I'm 5'3" and my pony is a cm or two under 14.2hh but I've ridden anything from 11.2hh to 18hh


----------



## DraftyAiresMum (Jun 1, 2011)

I'm 5'7" and Aires is around 16.1hh (and growing...his butt is at 16.2hh right now...we're just waiting for his withers to catch up again lol). He should top our around 17hh, according to most of the height predictor things. I've ridden a 14.2hh arab/NSH gelding, a 13.1hh fat buckskin polo pony, a 15.1-2hh QH, a 14.3-15hh QH, a 16.3hh friesian/QH and a 14.1hh paint.


----------



## AQHA13 (Apr 19, 2017)

I'm 5'8" and my mare is 15.1 hands. I am really comfortable on our 16.1 hh gelding though. My dream is to own a horse that is at least 17 hands, I LOVE big horses!


----------



## DraftyAiresMum (Jun 1, 2011)

AQHA13 said:


> I'm 5'8" and my mare is 15.1 hands. I am really comfortable on our 16.1 hh gelding though. My dream is to own a horse that is at least 17 hands, I LOVE big horses!


If I ever get my butt moved up to Washington, AQHA13, you can ride Aires. ;-) He's gonna be a big un'!


----------



## apachewhitesox (Dec 9, 2010)

I am 5'6" - 5'7" not absolutely sure. My horses are 14.2, 14.3 and 15.3. I fit both the 14.3 and 15.3 perfectly because one is really stocky and the other is really lean. 

I have ridden a 12hh pony recently and he could carry me but I did look to big for him.


----------



## Wallaby (Jul 13, 2008)

I'm 5'8" (5'9" in my MuckBoots) and my horse (pony) is 14.1hh on a tall day. However, she's very wide and most of my height is due to my long torso so we fit together pretty well. 
I wish she were a bit taller because it is hard for me to really use my leg effectively with her, but I can't complain.

Just for funnsies, since I think it's hard to imagine (and I like pictures), a picture to demonstrate (excuse all the paint and weirdness happening, hahaha):










I have the easiest time giving cues on horses 15.2+ hands but I've ridden horses as small as 12hh without major issues. For me, it all depends on how the horse is built.


----------



## AQHA13 (Apr 19, 2017)

DraftyAiresMum said:


> If I ever get my butt moved up to Washington, AQHA13, you can ride Aires. ;-) He's gonna be a big un'!

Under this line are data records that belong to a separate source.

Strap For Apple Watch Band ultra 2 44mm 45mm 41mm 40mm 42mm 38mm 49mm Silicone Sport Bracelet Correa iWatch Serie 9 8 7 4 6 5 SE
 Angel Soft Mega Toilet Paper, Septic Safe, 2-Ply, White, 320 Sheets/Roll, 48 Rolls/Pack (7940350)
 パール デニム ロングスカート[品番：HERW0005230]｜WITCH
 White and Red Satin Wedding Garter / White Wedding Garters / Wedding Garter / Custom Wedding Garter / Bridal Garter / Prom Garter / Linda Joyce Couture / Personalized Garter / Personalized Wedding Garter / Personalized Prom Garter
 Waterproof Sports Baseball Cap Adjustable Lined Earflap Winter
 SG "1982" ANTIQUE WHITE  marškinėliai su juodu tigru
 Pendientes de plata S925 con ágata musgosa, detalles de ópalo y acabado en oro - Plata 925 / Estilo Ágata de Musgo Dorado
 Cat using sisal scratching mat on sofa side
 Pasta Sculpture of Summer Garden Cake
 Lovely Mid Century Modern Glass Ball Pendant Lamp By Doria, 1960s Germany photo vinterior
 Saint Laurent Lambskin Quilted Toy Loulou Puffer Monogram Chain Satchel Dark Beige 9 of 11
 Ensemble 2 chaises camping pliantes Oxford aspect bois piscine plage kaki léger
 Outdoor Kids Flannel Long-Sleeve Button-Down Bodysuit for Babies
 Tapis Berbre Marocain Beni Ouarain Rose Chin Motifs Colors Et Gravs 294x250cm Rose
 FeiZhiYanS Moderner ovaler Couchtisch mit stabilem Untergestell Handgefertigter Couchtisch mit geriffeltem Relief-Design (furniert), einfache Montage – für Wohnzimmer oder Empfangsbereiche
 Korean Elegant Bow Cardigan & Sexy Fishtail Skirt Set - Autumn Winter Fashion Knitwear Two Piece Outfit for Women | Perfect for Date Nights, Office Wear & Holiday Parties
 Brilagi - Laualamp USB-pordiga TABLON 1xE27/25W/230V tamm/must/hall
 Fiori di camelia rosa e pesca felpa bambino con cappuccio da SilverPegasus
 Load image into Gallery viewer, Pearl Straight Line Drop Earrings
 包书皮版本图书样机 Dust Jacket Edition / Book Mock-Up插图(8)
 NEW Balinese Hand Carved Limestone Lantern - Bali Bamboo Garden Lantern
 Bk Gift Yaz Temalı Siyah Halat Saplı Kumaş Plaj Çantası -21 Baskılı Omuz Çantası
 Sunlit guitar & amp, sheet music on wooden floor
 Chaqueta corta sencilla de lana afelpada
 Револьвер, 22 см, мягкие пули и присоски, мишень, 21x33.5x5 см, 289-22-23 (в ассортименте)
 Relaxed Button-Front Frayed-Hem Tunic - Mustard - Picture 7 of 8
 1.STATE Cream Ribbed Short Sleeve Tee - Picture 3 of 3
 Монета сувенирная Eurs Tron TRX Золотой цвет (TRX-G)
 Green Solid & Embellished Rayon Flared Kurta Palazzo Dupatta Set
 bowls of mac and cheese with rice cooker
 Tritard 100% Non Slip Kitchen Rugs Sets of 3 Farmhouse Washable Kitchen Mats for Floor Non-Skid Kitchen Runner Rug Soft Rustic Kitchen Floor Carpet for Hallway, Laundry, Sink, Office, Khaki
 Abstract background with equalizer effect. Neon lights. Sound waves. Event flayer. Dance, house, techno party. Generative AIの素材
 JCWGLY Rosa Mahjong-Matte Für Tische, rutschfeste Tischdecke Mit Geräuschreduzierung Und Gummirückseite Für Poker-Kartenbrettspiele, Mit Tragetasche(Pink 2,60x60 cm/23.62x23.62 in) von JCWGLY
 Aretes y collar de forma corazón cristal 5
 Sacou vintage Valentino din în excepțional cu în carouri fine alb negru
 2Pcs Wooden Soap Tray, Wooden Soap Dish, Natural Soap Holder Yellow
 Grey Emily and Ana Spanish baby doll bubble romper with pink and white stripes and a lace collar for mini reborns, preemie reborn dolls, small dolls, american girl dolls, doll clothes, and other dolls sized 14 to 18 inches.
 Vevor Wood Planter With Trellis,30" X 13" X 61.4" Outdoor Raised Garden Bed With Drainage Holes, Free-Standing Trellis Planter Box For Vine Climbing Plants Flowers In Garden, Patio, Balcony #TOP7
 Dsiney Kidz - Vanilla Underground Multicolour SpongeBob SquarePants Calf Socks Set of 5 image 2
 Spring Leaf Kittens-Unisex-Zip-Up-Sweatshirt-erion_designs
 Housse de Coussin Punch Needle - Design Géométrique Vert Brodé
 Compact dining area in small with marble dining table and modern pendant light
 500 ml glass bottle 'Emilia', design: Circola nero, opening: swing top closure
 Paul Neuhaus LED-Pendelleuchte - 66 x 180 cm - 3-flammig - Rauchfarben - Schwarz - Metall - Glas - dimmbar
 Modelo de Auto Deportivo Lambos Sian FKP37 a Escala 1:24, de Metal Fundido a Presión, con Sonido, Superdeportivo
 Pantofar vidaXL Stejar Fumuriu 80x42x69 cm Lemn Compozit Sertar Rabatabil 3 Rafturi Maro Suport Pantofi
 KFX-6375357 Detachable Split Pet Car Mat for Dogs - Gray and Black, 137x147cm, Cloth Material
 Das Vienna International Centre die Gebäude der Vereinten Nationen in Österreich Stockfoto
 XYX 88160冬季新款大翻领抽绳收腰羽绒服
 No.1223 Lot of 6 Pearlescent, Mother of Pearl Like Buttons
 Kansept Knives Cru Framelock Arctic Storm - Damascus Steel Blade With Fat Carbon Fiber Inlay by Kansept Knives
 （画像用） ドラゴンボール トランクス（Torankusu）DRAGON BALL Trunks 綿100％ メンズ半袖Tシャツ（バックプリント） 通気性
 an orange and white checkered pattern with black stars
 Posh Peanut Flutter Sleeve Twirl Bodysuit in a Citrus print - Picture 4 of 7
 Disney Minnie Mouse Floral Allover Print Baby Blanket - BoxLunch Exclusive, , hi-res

Haha, I would love that! How can I encourage you to get going on that move? :lol:


----------



## attackships (Jan 12, 2012)

i'm 5'4", the horses I ride are 14.3 and 15.3. I love their height!


----------



## DraftyAiresMum (Jun 1, 2011)

AQHA13 said:


> Haha, I would love that! How can I encourage you to get going on that move? :lol:


Help me find a better job.  That's really the only thing keeping me from moving at this point: not being able to afford to.


----------



## MissColors (Jul 17, 2011)

I've never ridden ponies I'm to plump.

I am 5ft 9in tall and Kelo is 16hh. I think the biggest thing I've ever sat on was something like 18hh not sure how tall that Clydesdale was.


----------



## Foxhunter (Feb 5, 2012)

doubleopi said:


> 5'7"....my favorite equine to ride was 12hh! I prefer under 15hh personally because, generally, it's a shorter distance to fall! :rofl: I think the biggest horse I rode was about 16.2hh. He was sweet but that's probably not what I would choose to buy. My girl is about 13.2hh, plenty tall enough in my books!


Had to laugh at this! It might be a shorter distance to fall but those little ones can drop a rider faster than greased lightning and you have less time to straighten out before hitting the ground!


----------



## gigem88 (May 10, 2011)

I'm 5'6" and ride a 15.2 gelding and 14.2 mare.


----------



## Sweeney Road (Feb 12, 2012)

I'm 5' tall, one mare is 15.2, and the other is 14.2.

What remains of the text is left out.